As some California residents may know, there are times when a will is challenged. The petitioner's reason for doing this is filed in probate court and served on a personal representative or other individuals who may answer the objection to the will within a predefined time limit. The contestant is then able to answer the response in probate court. Understanding the reasons a will is usually challenged and the likelihood of success may be beneficial prior to entering the objection in court.
Challenging a will may be difficult since the court considers a will to be the testator's way of saying what they wish to happen to their property when they are gone. Objections to that are possible, but nearly all wills go through probate unchanged. Objections that may succeed are usually filed by a spouse who claims the testator did not have the mental capacity to write the will. Testamentary ability means an individual must understand the consequences of structuring or changing a will as well as being aware of the property they own and who the beneficiaries are. In addition, if the contestant is able to show that in some way the person who stands to inherit property held undue influence over the testator, the new will may be ruled invalid.

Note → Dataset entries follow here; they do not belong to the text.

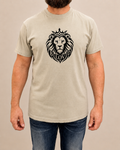 THE BLOVD Lion Classic Sandstone Comfort Colors T-shirt with black Lion artwork, approved male warm-neutral studio front view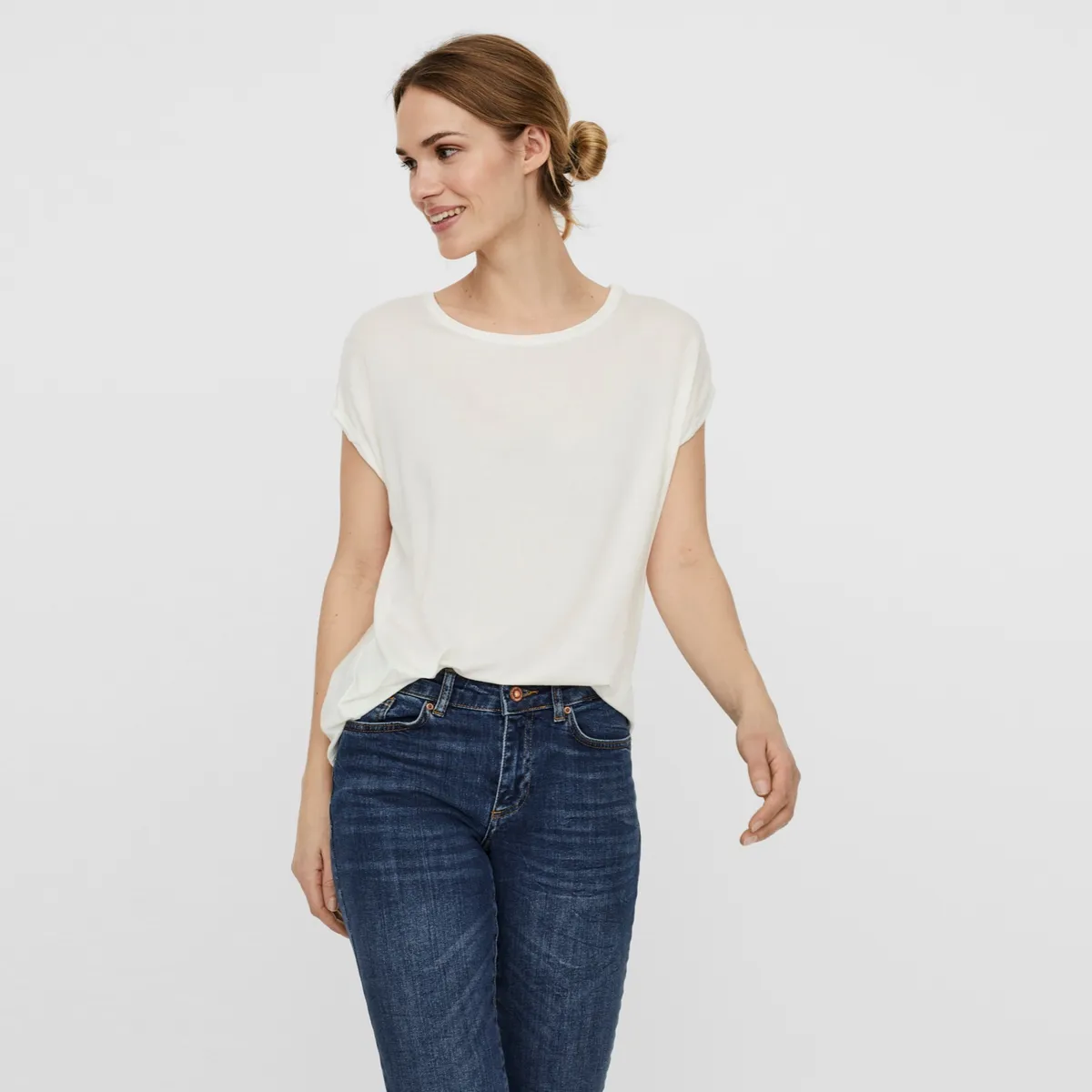 VERO MODA - Polera Lisa Manga Corta Mujer Vero Moda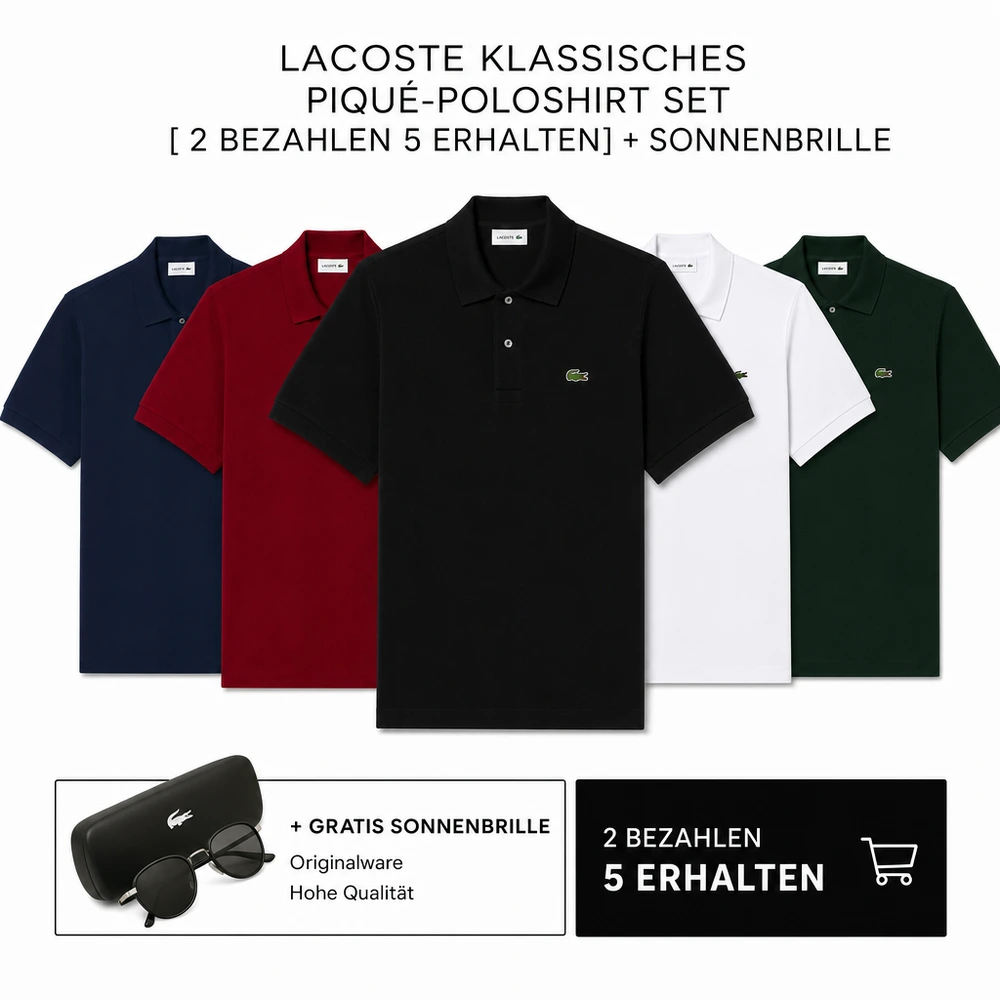 LACOSTE KLASSISCHES PIQUÉ-POLOSHIRT SET [ 2 BEZAHLEN 5 ERHALTEN] + SONNENBRILLE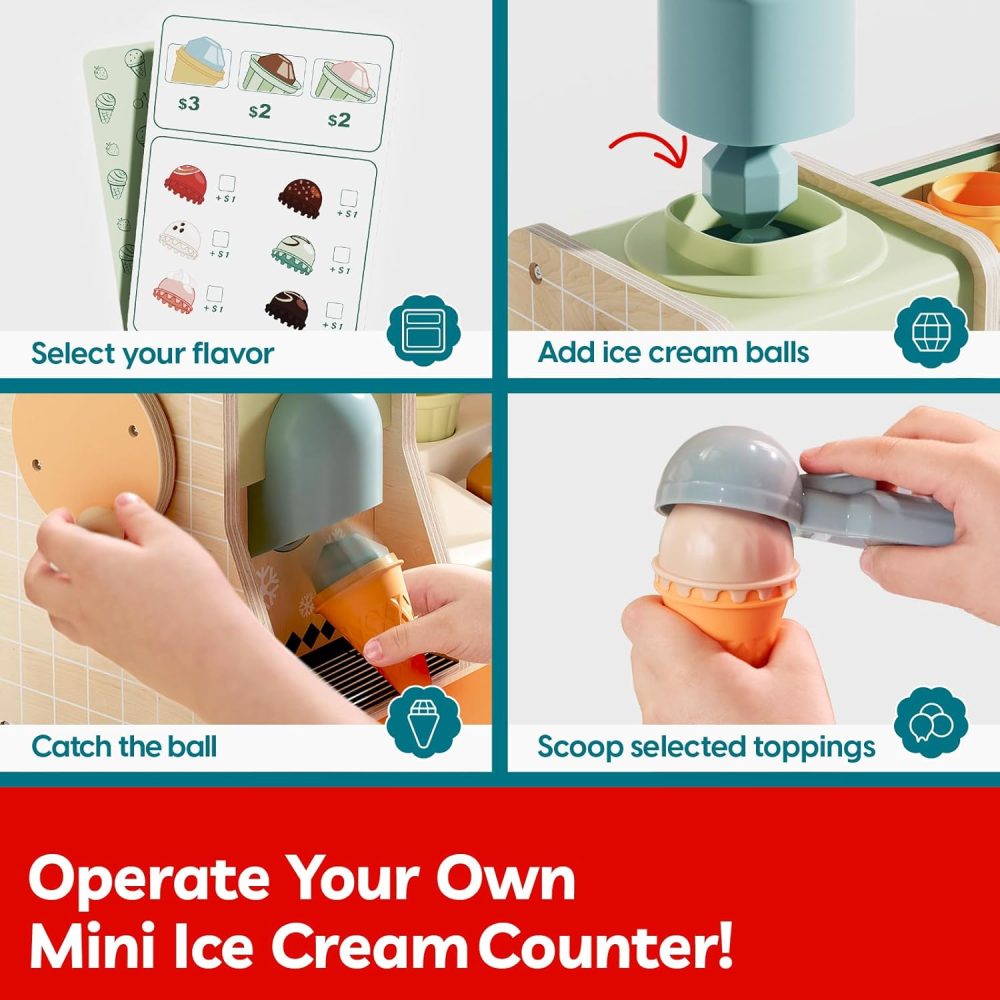 Top Bright - Montessori Ice Cream Boutique – Ξύλινο Σετ Παγωτατζίδικο 121203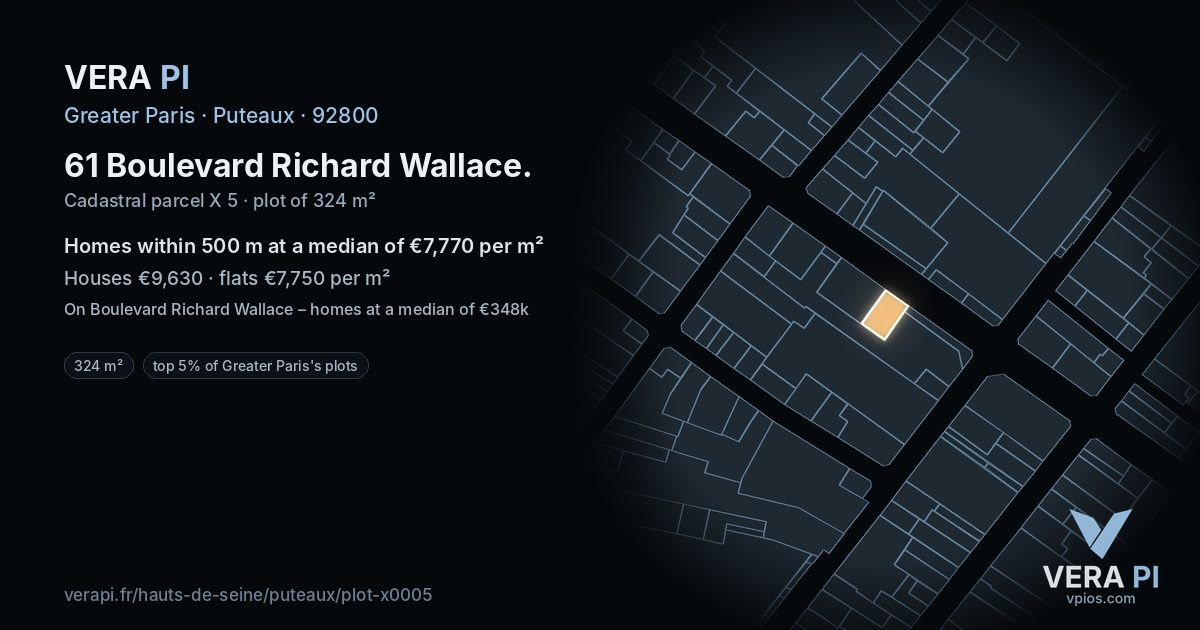 61 Boulevard Richard Wallace, Puteaux at night – the plot lit, the parcels around coloured by the prices near them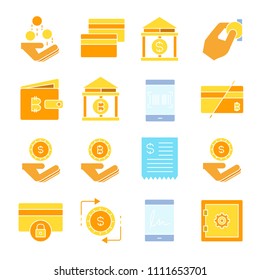 bitcoin and cryptocurrency technology concept icons set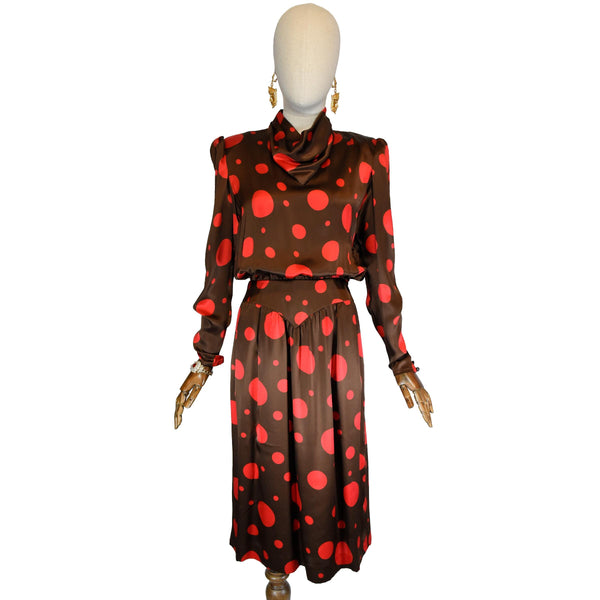 VALENTINO vintage dress, brown with red polka dots satin dress from the 90s, VALENTINO Miss V elegant italian dress, designer luxury dress.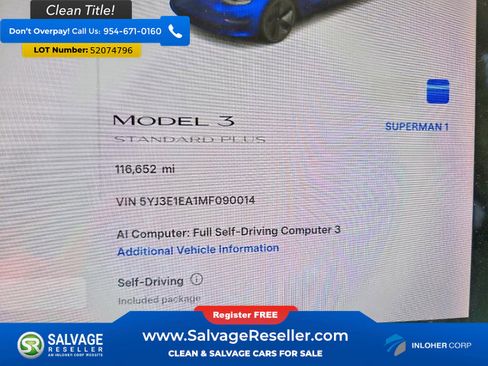 Used 2021 Tesla Model 3 Standard Range Plus RWD image 12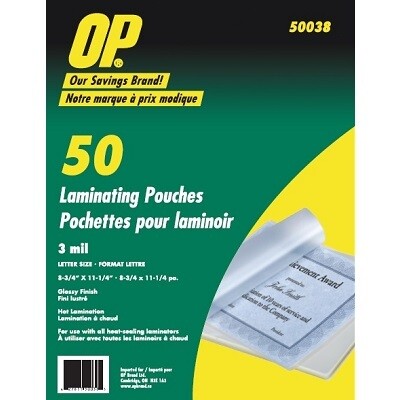 LAMINATING POUCH-OP BRAND LETTER SIZE 3MIL 50/PK 6008901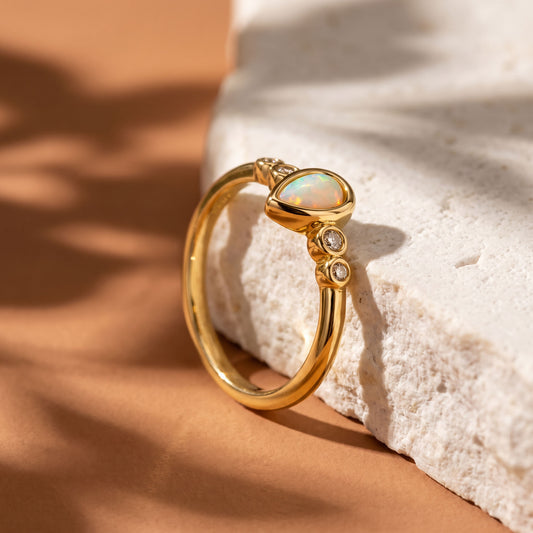Opal Bezel Set Ring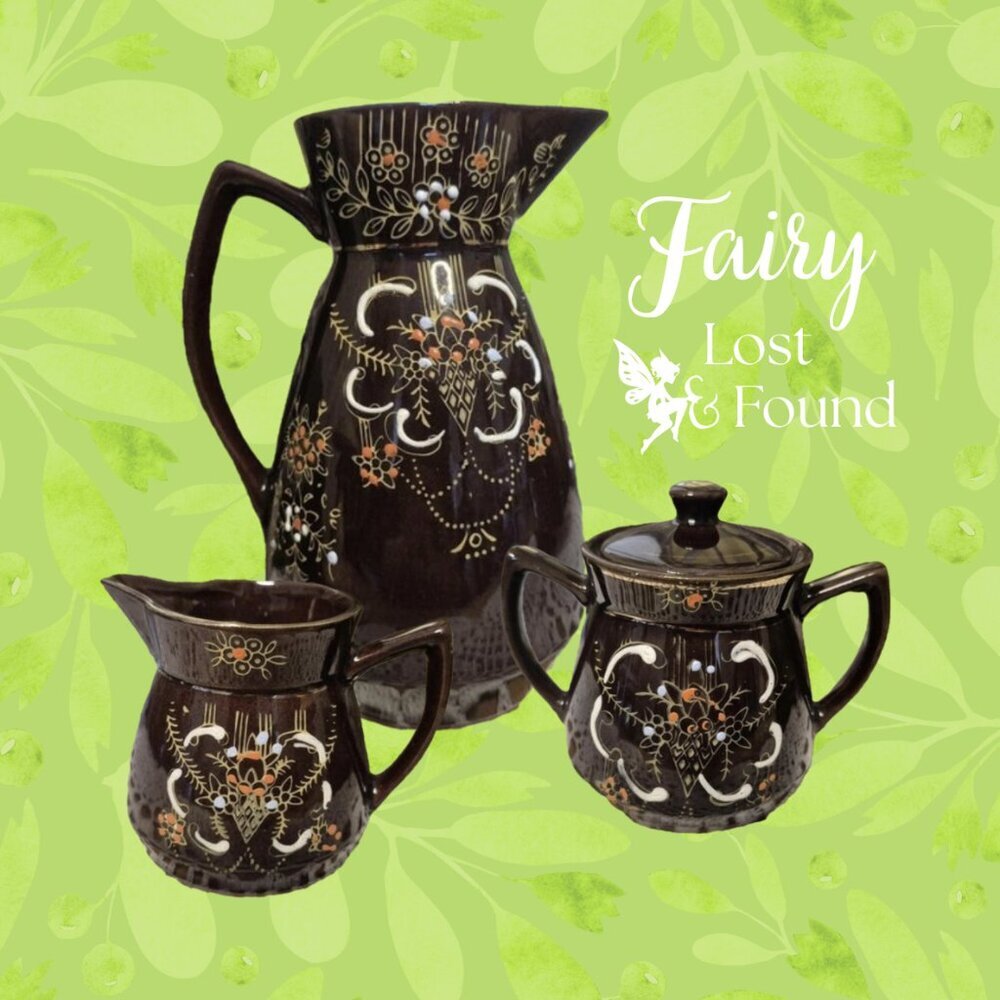 Vintage Japan Brown Tea Set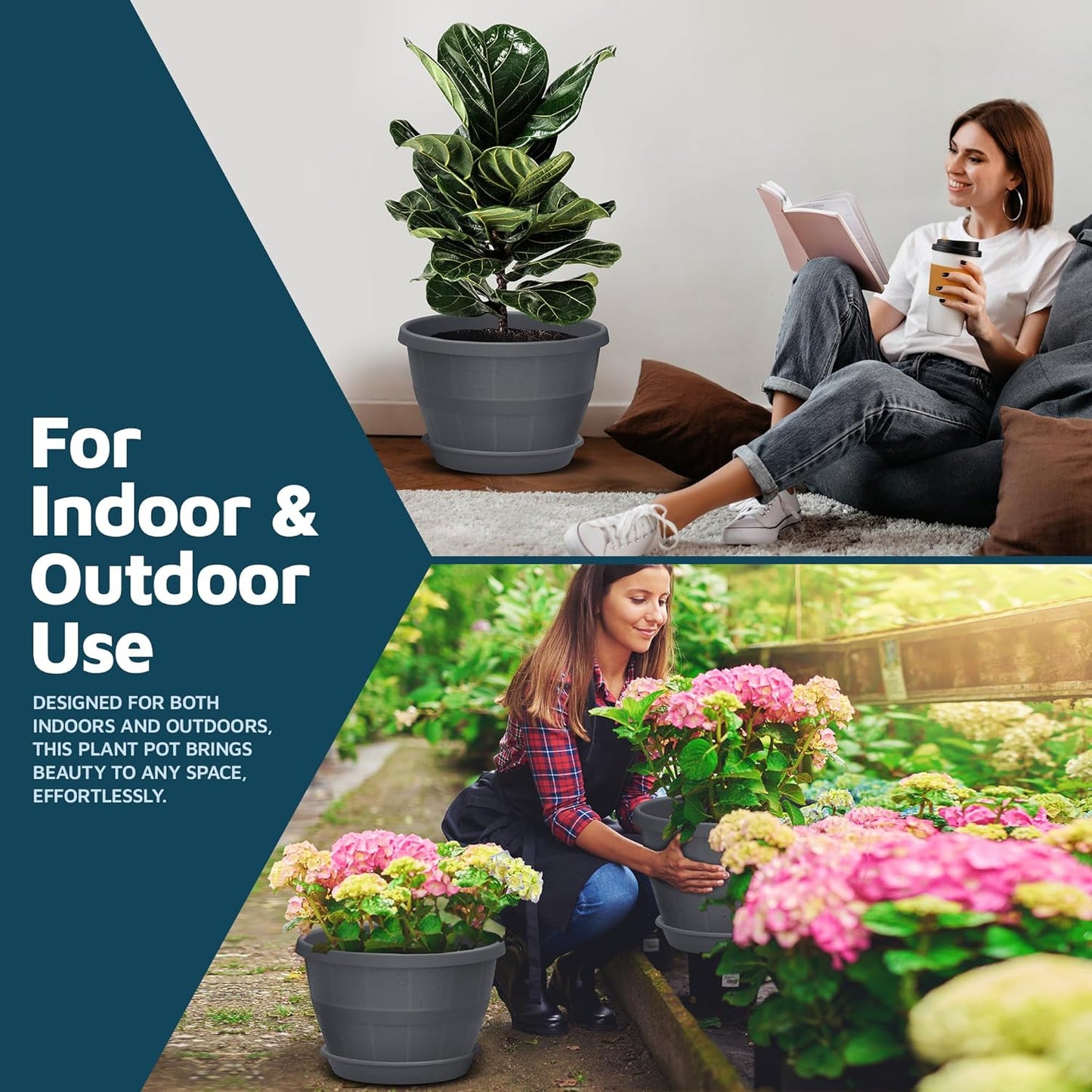 10-Inch Whiskey Barrel Planters Outdoor Pack of 25 - Durable Plastic Plant Pots for Indoor & Outdoor Use with Drainage & Saucer, Lightweight Rustic Barrel Planters for Flowers, Herbs & Small Plants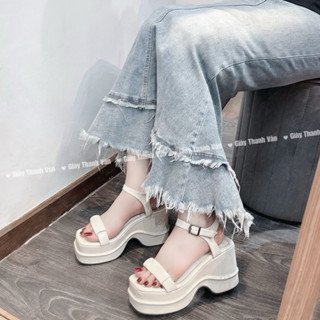 Giày Sandan tăng chiều cao quai mảnh cao 10 phân tông dáng (D0082)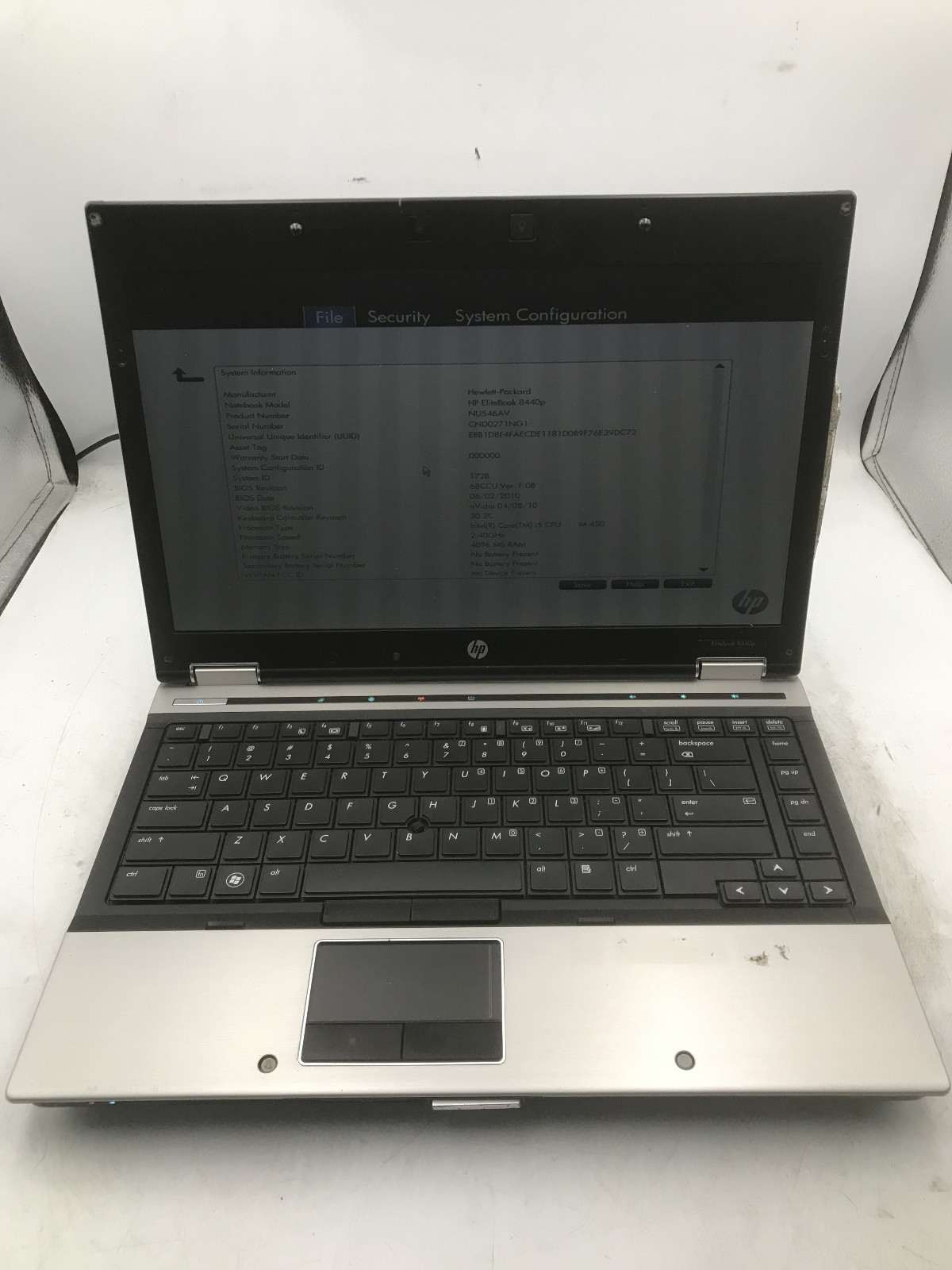 HP PROBOOK 8440P – BOOTS TO BIOS – INTEL I5 M540 – 4GB RAM – NO OS – READ – BB!!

Usually, unless contested, a newer will is held valid over an older one. However, it is important to date the will and sign it in the presence of witnesses. If mistakes occur, the will may be considered invalid.
When a testator decides to either update an existing will or create a new one, the insight of an estate planning attorney may be beneficial. The attorney may ensure that all conditions are satisfied in order to assure the individual's wishes will be carried out.